Das Clubsterben begann trotzdem. Das WMF, das in Mitte jahrelang von einem Ort zum nächsten zog, gibt es nicht mehr. Der Tresor musste aus dem Tresorraum an der Leipziger Straße ausziehen, als die Investoren kamen, das Knaack in Prenzlauer Berg schloss, weil die Anwohner sich über den Lärm beschwerten. Disselkamps Club Rechenzentrum an der Spree in Köpenick, bei dessen Beschreibung er leuchtende Augen bekommt, mussten sie nach nur zwei Jahren wieder zu machen. Das Gelände wurde verkauft. Und für den Sage Club in Mitte ist auch bald Schluss. Ein Investor will auf dem Grundstück nebenan Wohnungen bauen. Sascha Disselkamp findet all das auch deshalb so empörend, weil, wie er sagt, seine Szene doch dazu beigetragen hätte, die Stadt so zu machen wie sie ist. „Warum sind denn jetzt alle Clubs hier an der Spree“, sagt er. „Weil das unsere letzte Insel ist.“

Sascha Disselkamp ist also ein Clubbetreiber, der sich Sorgen um seine Existenzgrundlage macht. Aber das ist nicht alles. Man muss weiter zurückgehen, um zu verstehen, woher sein Engagement kommt. Sascha Disselkamp stammt aus einem Kaff in Ostwestfalen, aus Rheda-Wiedenbrück. Siebzehn war er, als er die Schule schmiss und nach Berlin zog. Er wurde Punk, zog in ein besetztes Haus und machte zwei Jahre später seinen ersten Club auf. „Berlin, das ist für mich Freiheit“, sagt er. Und dazu gehört für ihn auch der freie Raum, das Unfertige, das einem das Gefühl gibt, dass noch etwas passieren kann. „Aber man hat in den letzten Jahren einfach fünf, sechs Shopping Malls ins Zentrum geballert“, sagt er. „Und Büros, Firmenzentralen, Billighotels.“

„Da drüben habe ich mal getanzt“

Seine Frustration konzentriert sich nun auf das Bauprojekt an der Spree. „Auf dem Todesstreifen“, sagt er. „Wie kann man nur auf so eine Idee kommen.“ Dass dort bis im vergangenen Jahr Open-Air-Clubs waren, wie der Oststrand oder das Strandgut, ist für ihn etwas anderes. „Das waren Begegnungsstätten. Das passte zu Berlin.“ Zu seinem Berlin.

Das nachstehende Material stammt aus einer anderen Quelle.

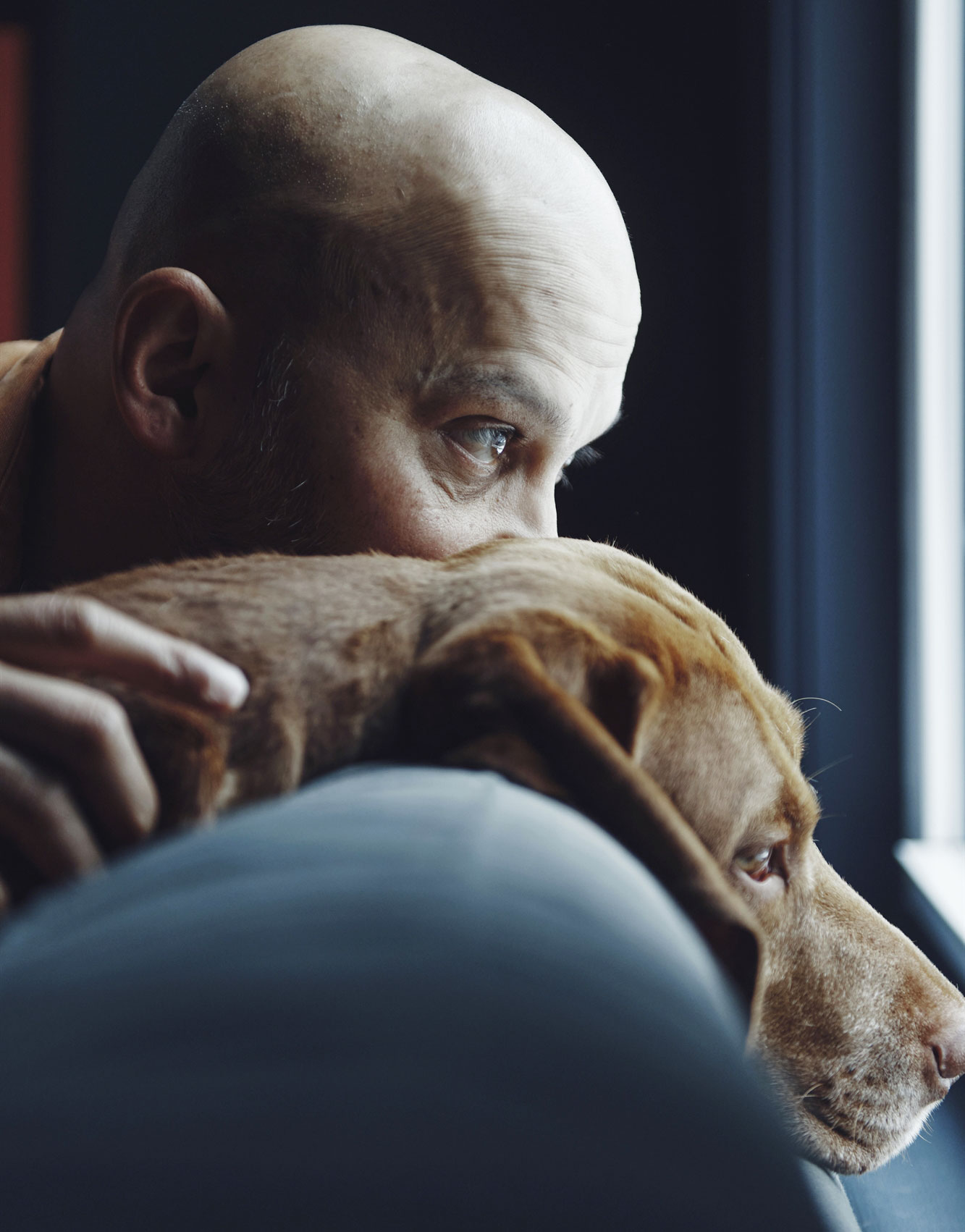 Πάρτε έναν σκύλο, ίσως ζήσετε περισσότερο-1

Klaus Wowereit hat sich inzwischen mit den Investoren getroffen und einen Lösungsvorschlag unterbreitet: kein Durchbruch, stattdessen eine vorhandene Lücke um sechs Meter vergrößern. Den Mitgliedern des Bündnisses „East Side Gallery retten“ reicht das nicht. Sie wollen, dass die Brache hinter der Mauer bleibt und keine Luxushäuser entstehen. Sie sind Gentrifizierungsgegner, sie betreiben Clubs, gehören Initiativen wie „Mediaspree versenken“ oder dem Bürgerverein Eisenbahnmarkthalle in Kreuzberg an. An einem Abend im Watergate sitzen sie zusammen, um sich zu beraten. Man hört, dass viele aus Süddeutschland stammen. Es ist eine Kreuzberger Mischung. Ein Zweckbündnis. An der Mauer kommen viele Interessen zusammen.

Hans von der Fuckparade ist auch da. Er blickt vom Watergate hinaus auf die Spree. „Da drüben habe ich mal getanzt“, sagt er. „Und jetzt steht da so ein Rechteverwertungsunternehmen.“ Er zeigt auf Universal. Sascha Disselkamp sagt, dass Wowereits Kompromissvorschlag ein „Taschenspielertrick“ ist. Ihren Petitionstext haben er und ein paar der anderen jetzt noch einmal geändert. „Die Lösung von Bürgermeister Wowereit ist für uns nicht akzeptabel. Denn wenn die Luxuswohnungen kommen, wird das Denkmal zerstört“ , heißt es. Disselkamp fürchtet, dass jetzt, da Wowereit verkündet, die East Side Gallery sei gerettet, die Aufmerksamkeit nachlässt.

Da kommt der Auftritt von David Hasselhoff gerade recht. Sascha Disselkamp, der früher „Knight Rider“ und „Bay Watch“ im Fernsehen gesehen hat, sagt: „Damals war ich noch jung und dumm“, als wäre ihm die Allianz mit Hasselhoff ein wenig peinlich. Deshalb erzählt er auch, dass sich der Schauspieler und Sänger wirklich gut mit der deutschen Nachwendegeschichte auskenne. Hasselhoff weiß sogar, dass Karl-Marx-Stadt inzwischen Chemnitz heißt.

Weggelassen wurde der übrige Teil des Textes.